Entretanto chegam mais três Padres da Itália, Pe J. Carrera, Lino Franchini e Luís Gasparek. Começaram a celebrar a missa em latim na Igreja do Colégio às 11 horas do domingo, sem conhecerem bem o português. Correu célere a notícia pela cidade, um dos celebrantes disse no púlpito aos jovens: “Minhas queridas raparigas e meus queridos raparigos”. A assistência sorriu e perdoou, mas não foi apenas isto.

A 17 de outubro, Dom António administrou Ordens Menores a dois seminaristas.

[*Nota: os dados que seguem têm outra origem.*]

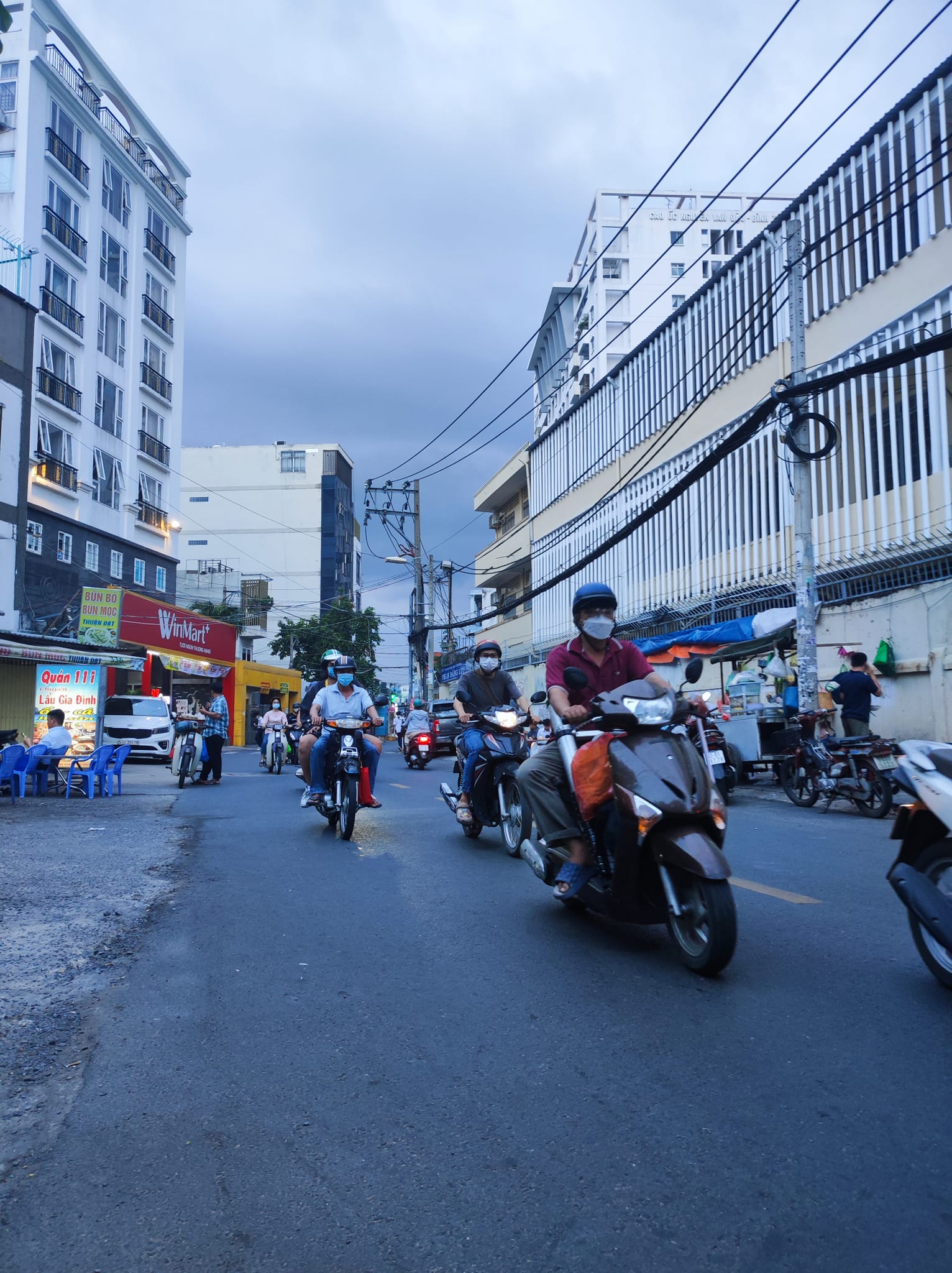 MẶT TIỀN NGUYỄN THƯỢNG HIỀN BÌNH THẠNH – 80M2 – CHỈ 8 TỶ 5	 13463634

Após muitas diligências e conversas com benfeitores, o Colégio abriu com 12 “apostolinhos”. O que atraia pessoas ao Colégio era a Santa Missa quotidiana e a adoração da tarde. Entretanto aumentavam os benfeitores e festas da Boa Vontade, tanto no Hotel da Bela Vista, (hoje, Seminário diocesano) e Quinta Vigia.

A 5 de Setembro de 1950, no navio de carga Madeirense, chegam ao Funchal

Padre Júlio Gritti e Padre José Benetti. O Senhor Dom António nomeia Diretor Espiritual do Seminário do Funchal o Padre Júlio Gritti, para todos os seminaristas. Desta maneira, eu e os outros colegas, que fomos seguidos pelo Senhor Cónego Manuel Pombo, já tínhamos decidido ser Ordenados Padres. Desde então, os serviços pastorais, escolares, paroquiais, dos Padres Dehonianos decorrem na diocese com serenidade, de facto, quem se oferece a Deus e o ama, sente-se apoiado no Rochedo da nossa salvação que mostra a força do amor, no coração rasgado… como usam os Dehonianos.